PS In the intro, ‘create’ means ‘to make a new one’ so ‘new’ is redundant. It would be a lot cleverer to get a simple thing like that right.

#242

The Times, October 25, 2017

Writing headlines requires an ear for scansion. ‘Masters of the universe’, as well as being a well-known expression, has a rhythm which ‘masters of universe’ does not. The annoying thing about this heading is how little it would take to make it good – simply move ‘the’ so that it reads:

How City’s masters of the universe
failed and undermined industry

#241a

Daily Telegraph, October 25, 2017

‘Upmost’ is a synonym of ‘uppermost’, meaning ‘the top’ in physical terms, eg ‘the upmost branches of the tree’. The word wanted here is ‘utmost’, meaning ‘greatest’ or ‘most extreme’, which is applied to sentiments such as respect.

Daily Telegraph, October 25, 2017

‘Discrete’ means separate or distinct when something is divided into parts, eg ‘the music was in three discrete sections’. Thus ‘indiscrete’ means ‘not in distinct parts’, which is not a word you often need, though presumably it applies to Kim Cattrall. The word wanted here is ‘indiscreet’, meaning she had talked about things she maybe should have kept quiet. There are many pairs of words which look and sound similar but mean quite different things, and unless you are certain you have the right one, look it up or look silly.

#241

The Times, October 23, 2017

World’s most expensive footballer subject to same rules as other players shock! Silly, isn’t it? It would be a story if he had been let off because of his status. And if you are going to say why he was booked the second time, you have got to say what the first offence was (it was dissent).

A perfectly good start would be:

Neymar, the world’s most expensive player, was sent off three minutes from time in last night’s 2-2 draw between Marseille and Paris Saint Germain.

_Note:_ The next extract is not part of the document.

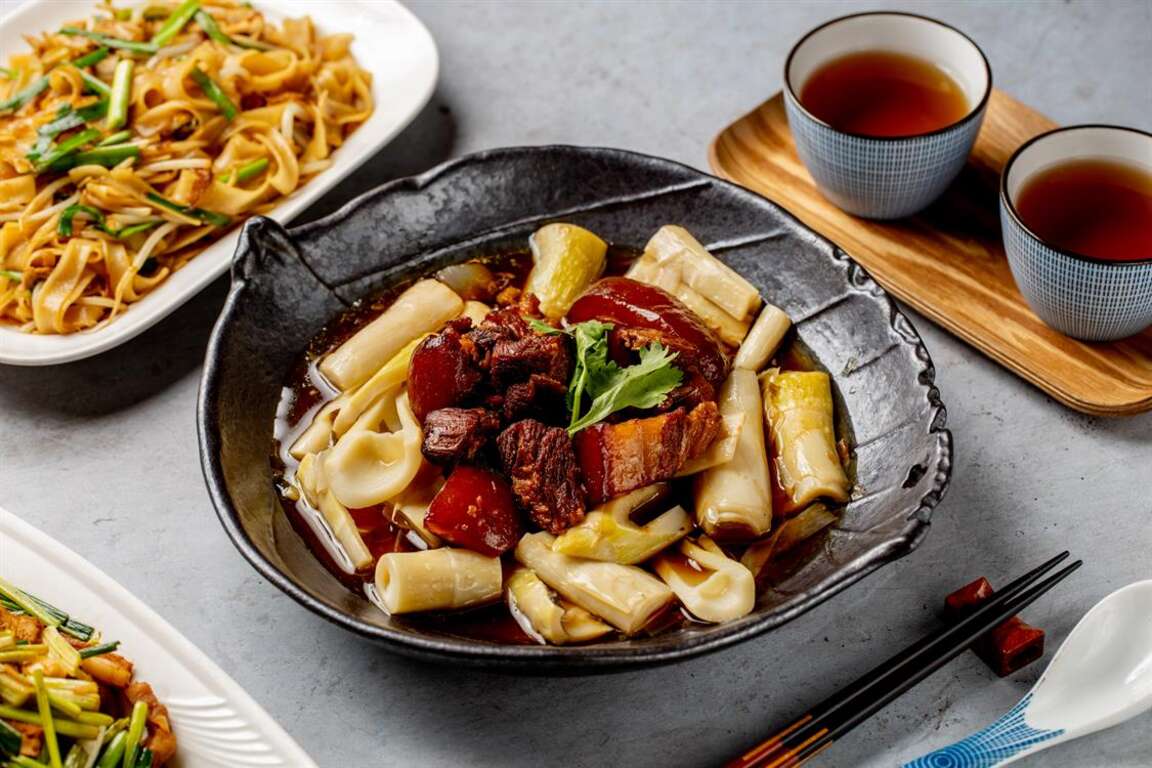 悶筍控肉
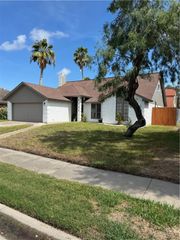 6726 Hunt Dr, Corpus Christi, TX 78413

The £199million Brazilian striker got two yellow cards within two minutes, the first for dissent and the second for a retaliatory push against  . . .

 

#240

She was in southern France celebrating her boss’ birthday.

Mail Online, October 23, 2017

This shows abysmal ignorance, even by Mail Online’s uniquely low standards. (It appears in both the standfirst and the story, so it is not a typing error.) Presumably the person responsible thought that because ‘boss’ ends in ‘s’ it is a plural, so should be treated like, for example, ‘the drivers’ cars were all towed away’. Of course ‘boss’ is singular, and is treated like any other singular noun, adding an apostrophe plus s, so it should be ‘her boss’s birthday’.

An exception is the expression ‘for goodness’ sake’, which means ‘for the sake of goodness’ so needs an apostrophe. Technically it should be ‘for goodness’s sake’, but it has long been established in its familiar form.

#239

A potentially fatal jellyfish-like creature has made a “very unusual” appearance on a Manx beach.
The Portuguese man-of-war was found near Langness in Castletown on Wednesday.

BBC News Online, October 19, 2017

Yet another Portuguese man o’war story. The problem with this one is that although ‘fatal’ is an adjective meaning deadly, it is not an exact synonym and applies only to events or actions, not to animals. You could have a ‘fatal error’, a ‘fatal accident’ or a ‘fatal snake-bite’, but not a ‘fatal snake’.

#237

i newspaper, October 16, 2017

This is annoying. Here is someone making a good attempt to be accurate and explain that a Portuguese man o’ war is not a jellyfish but a colony of different animals. It’s not perfect, mixing singular and plural in the second sentence, repeating ‘creature’ and possibly giving too much technical detail, but it’s creditable. Two days later this appears:

i newspaper, October 18, 2017

These are plainly Portuguese men o’ war, which as we have been told on Monday are not jellyfish. Has it become cool to be ignorant? Even if the photographer has not captioned the picture correctly, how hard is it to check what a man o’ war looks like? Incidentally their stings are painful but very rarely lethal, and only to those with allergy problems.

PS A very useful comment has been posted on this.

#236

Daily Express, October 16, 2017

Lack of curiosity, Part 101: It beats me how someone can put this through without finding out what the world record is. Five seconds on Google reveals that it is 2,625lb, grown by a chap in Belgium last year. It might also be worth mentioning that the Patons’ pumpkin weighs more than a ton.

#235

Sunday Express, October 15, 2017

The Times, October 16, 2017

Proof, if it were needed, that lines about the Queen being amused or otherwise are shocking cliches. You might think the idea is original but I have seen all the variations scores of times, and none is clever or funny.

(I cut the Times heading off a bit too closely – it is a TV review of Victoria.)